■ WHAT YOU ARE ASKED TO DO
Every line below must come back exactly as it stands, with the images omitted.

■ DATA BELOW
§
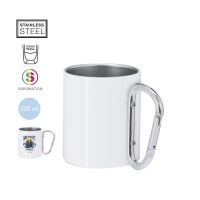 Sublimations Tasse Beesbur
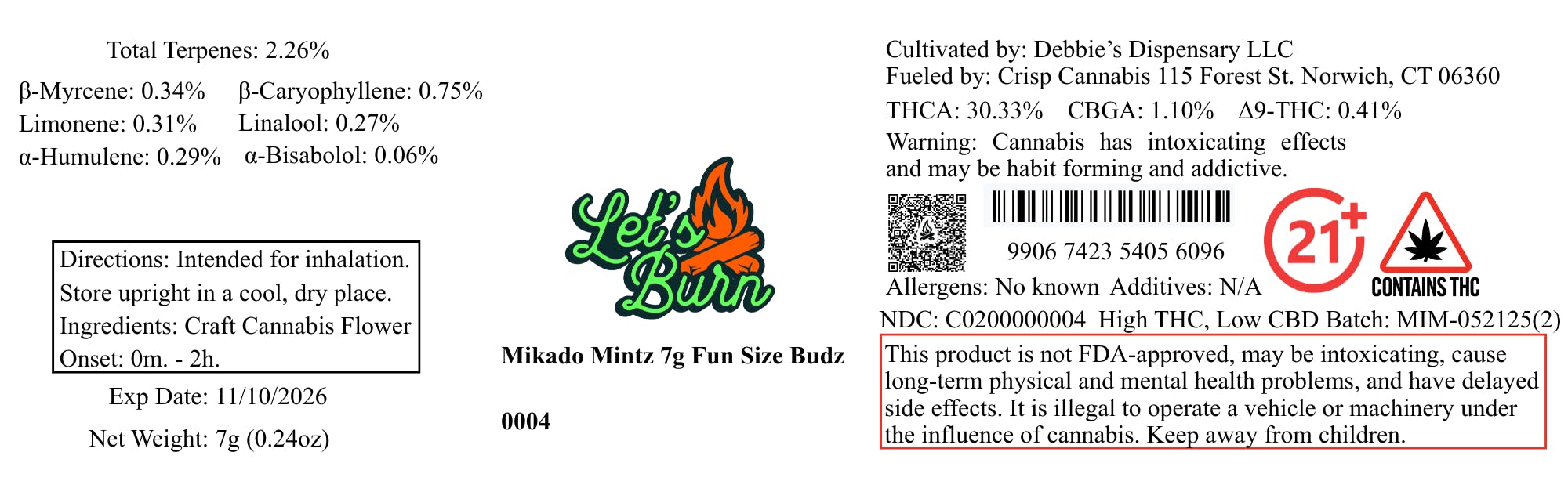 Still River Wellness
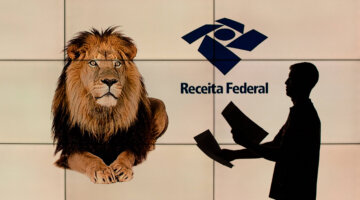 Lote de restituição do Imposto de Renda para RS supera R$ 1,1 bi
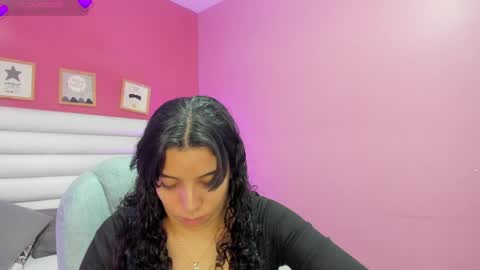 violet_sinclair online show from 06-03-26, 11:35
§
■ REPLY
 Sublimations Tasse Beesbur
 Still River Wellness
 Lote de restituição do Imposto de Renda para RS supera R$ 1,1 bi
 violet_sinclair online show from 06-03-26, 11:35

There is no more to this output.